According to the capital's blueprint, three tourism circles, involving a downtown shopping and entertainment circle, a suburban recreation circle and a mountain area of the Great Wall sightseeing circle, are expected to be established to fulfill the 10-year plan.
Beijing is expected to play host to 2.8 million visitors in 2005 and 3.5 million overseas visitors in 2010, generating revenue of about US$3.1 billion and US$3.8 billion in 2005 and 2010 respectively.
Faced with competitors both at home and abroad, the Beijing bureau has decided to set up several tourist enterprise groups to sharpen its competitive edge in the coming years.
Insiders indicate that capital reorganization and long-term strategies, combined with network formulation and name brand creation will be the developing trend of the tourist industry.
In January, six tourist services under the Beijing Tourism Group and two related enterprises jointly set up the Beijing Shenzhou International Tourism Service Group and five subsidiaries.
"It is the first step in the consolidation of the city's tourist industry, and an example for other tourist services, especially smaller ones," Yu said.
A source from the bureau said that, including Shenzhou, there are only 11 tourist services approved to handle foreign business. Three of them were part of the Shenzhou merger.
According to statistics from the Shenzhou Group, its sales volume for 15 days during this year's Spring Festival was almost three times the total of the other 10 businesses in the same period last year.
Yu acknowledged that a great deal of tourist resources have not yet been tapped, citing cultural tours as an example.
"From the beginning of this year, we opened the Hancunhe Village Tour as a trial tourism product. So far it has attracted more than 1,000 foreign travellers," Yu said.
Foreign visitors stay in the homes of local residents while on the tour.

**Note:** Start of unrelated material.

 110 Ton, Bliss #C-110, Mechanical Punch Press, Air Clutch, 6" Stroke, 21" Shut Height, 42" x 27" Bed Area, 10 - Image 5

By letting tourists live, eat and even work with residents of the village, the tour offers visitors a glimpse at life in China's countryside.
"On the other hand, such tourist products might create a new means of income for the rural residents of Beijing and help them communicate with the outside world," Yu said.
A series of new tours, including museums, historic sites, educational institutions and sports venues, are expected to be presented in Beijing.
Yu also stressed that this industry's development always involves several sectors of the business community.
"To obtain sustainable and healthy development, we should establish an overall co-operation and co-ordination system among different sectors," he said.